BusinessCycleCert
plain-language theorem explainer
BusinessCycleCert packages two universal properties of the cycle duration function on the phi-ladder: strict positivity for every natural number k and exact phi-squared scaling between successive terms. Economists working within Recognition Science would cite the structure when certifying the predicted wavelength ratios for Kitchin, Juglar and Kondratiev cycles. The declaration is a bare structure definition whose fields directly reference the upstream cycleDuration definition and require no further lemmas.

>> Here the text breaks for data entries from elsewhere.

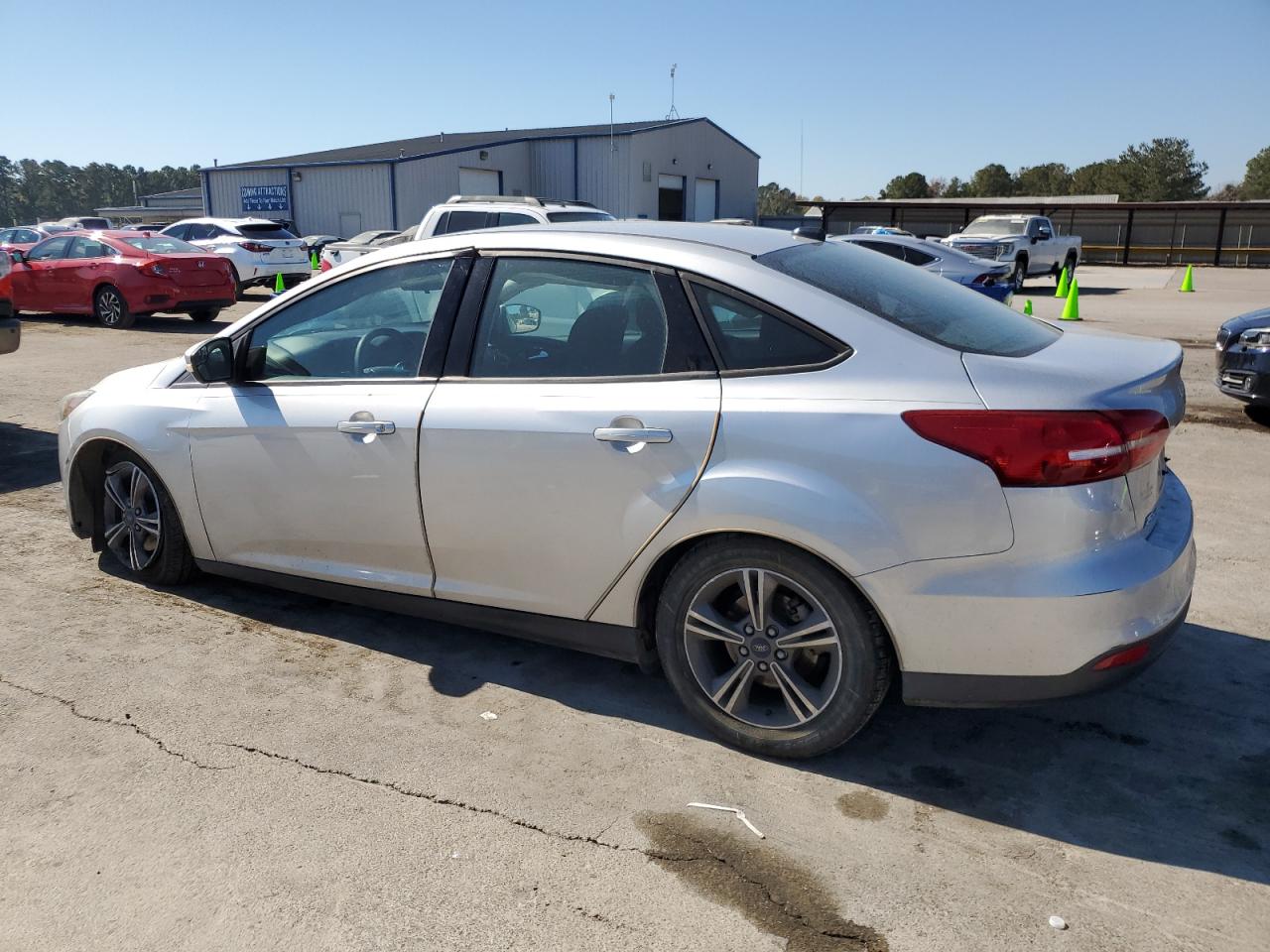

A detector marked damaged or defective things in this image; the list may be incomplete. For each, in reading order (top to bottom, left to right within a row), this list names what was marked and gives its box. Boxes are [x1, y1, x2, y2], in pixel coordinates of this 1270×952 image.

crack in pavement [0, 674, 232, 772]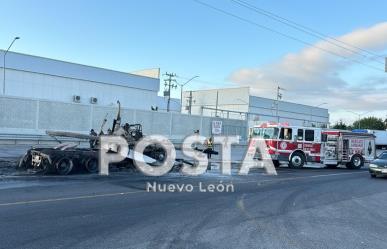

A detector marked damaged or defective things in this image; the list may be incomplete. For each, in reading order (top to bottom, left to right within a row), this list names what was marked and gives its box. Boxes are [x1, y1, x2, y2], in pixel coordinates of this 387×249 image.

burned wheel rim [55, 158, 73, 175]
burned truck wreckage [17, 101, 171, 175]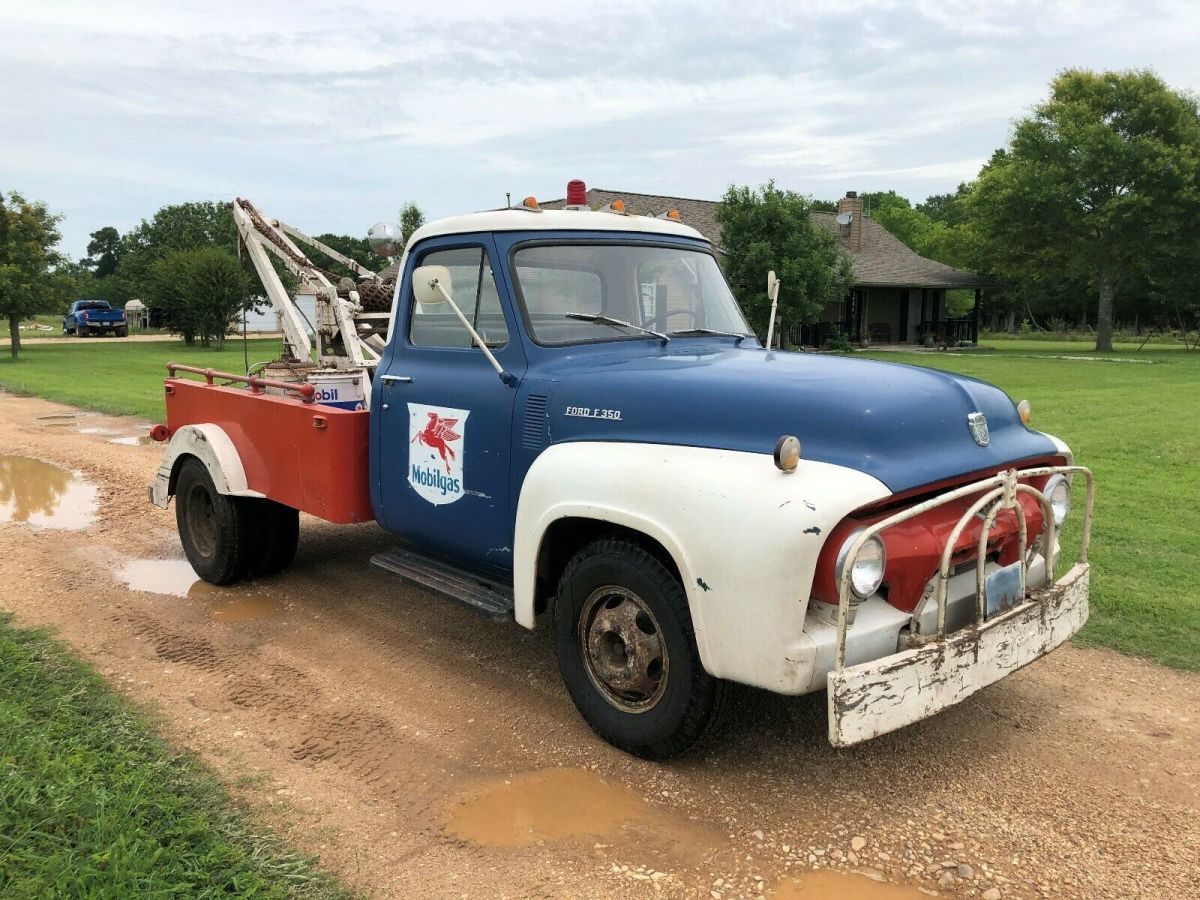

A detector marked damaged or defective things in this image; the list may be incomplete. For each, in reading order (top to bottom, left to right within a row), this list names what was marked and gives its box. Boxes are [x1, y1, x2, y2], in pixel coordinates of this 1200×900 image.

rusty steel wheel rim [578, 585, 672, 720]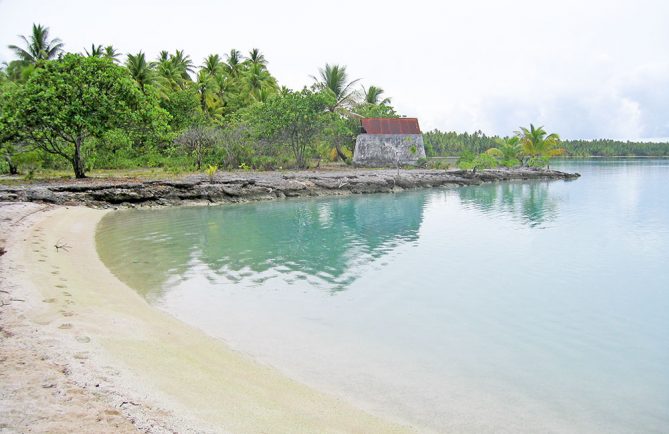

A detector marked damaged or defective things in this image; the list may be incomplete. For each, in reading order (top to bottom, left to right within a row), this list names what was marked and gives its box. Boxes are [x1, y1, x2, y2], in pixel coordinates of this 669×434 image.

rusted metal roof [358, 118, 420, 135]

Claim. Let $d(k) = 4 phi^{2k}$ denote the cycle duration function. The structure BusinessCycleCert consists of the two assertions that $d(k) > 0$ for all natural numbers $k$ and that $d(k+1)/d(k) = phi^2$ for all $k$.
background
The module Economics.BusinessCycleFromPhiLadder models business-cycle wavelengths as a phi-ladder in which adjacent durations differ by two rungs, hence scale by phi squared. The function cycleDuration is introduced as the noncomputable definition $4 * phi^(2*k)$, chosen so that the k=0 term recovers the observed Kitchin inventory cycle of roughly four years. An independent but analogous cycleDuration appears in the sociology module as phi^k, confirming that the same scaling law governs both economic and civilizational periodicities. The module documentation states that this yields the observed sequence 4 y, 10.47 y, 50 y for the three classical cycle classes.
proof idea
The declaration is a structure definition with two fields, each a universal quantification over the cycleDuration definition. No tactics, lemmas or reduction steps are applied; the structure simply records the two required properties as its inhabitants.
why it matters
BusinessCycleCert supplies the type for the downstream businessCycleCert definition that instantiates the fields with the lemmas cycleDuration_pos and cycleDuration_succ_ratio. It therefore anchors the RS claim that economic cycle durations obey the same self-similar fixed point phi that appears in T6 of the forcing chain and in the Recognition Composition Law. The structure closes the gap between the abstract phi-ladder and the concrete numerical predictions for observed business-cycle periods.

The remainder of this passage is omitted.